In 2002, circumstances were favorable for the creation of the group. Its founding members were professors Mariano Artigas, Juan Luis Lorda, Antonio Pardo, Carlos Perez, Francisco Gallardo and Santiago Collado. Since its inception, in addition to other teachers from the University of Navarra, the group has incorporated prestigious intellectuals and experts on the topics of interest as collaborating members: Evandro Agazzi, William Shea, Juan Arana and Tito Arecchi are some of the present collaborators.

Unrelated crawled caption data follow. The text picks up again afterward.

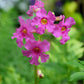 10 Cheron PINK HARDY GLOXINIA Incarvillea Delavayi Flower Seeds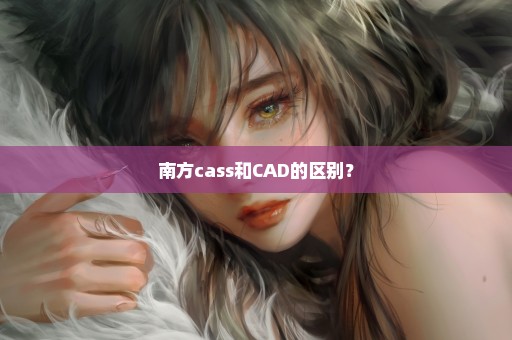 南方cass和CAD的区别？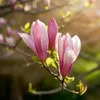 GreenboutiQ - Gartenpflanze - Magnolia Ricki - Blüte Rot - Produktbild-Vorschau 4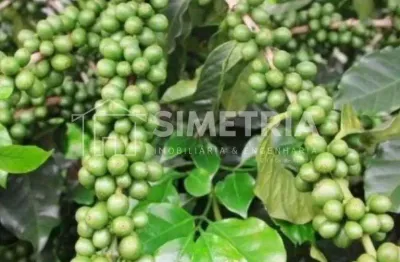 Venda – fazenda de café, pecuária, grãos e fruticultura na região de ibiá - mg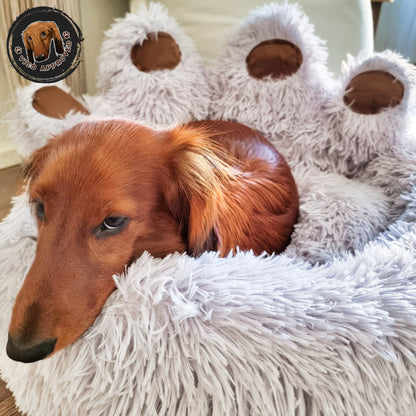 Pawfect Hundesofa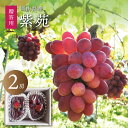 【10月上旬以降発送予定】岡山 ぶどう 紫苑 しえん 2房 ギフト 送料無料 冬に食べられるぶどう 皮付き 10月中旬出荷 農園 産地直送 種なし 種無し 果物 くだもの フルーツ 贈答品 北海道沖縄一部地域配送不可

Professor Artigas was appointed the first director of the group, a position he held until his death. The contribution of his intellectual output, which the group has inherited as his legacy, could be summarized as having contributed to unify and highlight the relationship between science and religion. In this endeavor, it is important not to reduce thought to mere scientific rationality, where science is understood as empirical or experimental science. The name of the group expresses this conviction: science, reason and faith. The CRYF is currently considered one of the centers that has contributed most to exploring the common ground shared by science, philosophy and theology in southern Europe.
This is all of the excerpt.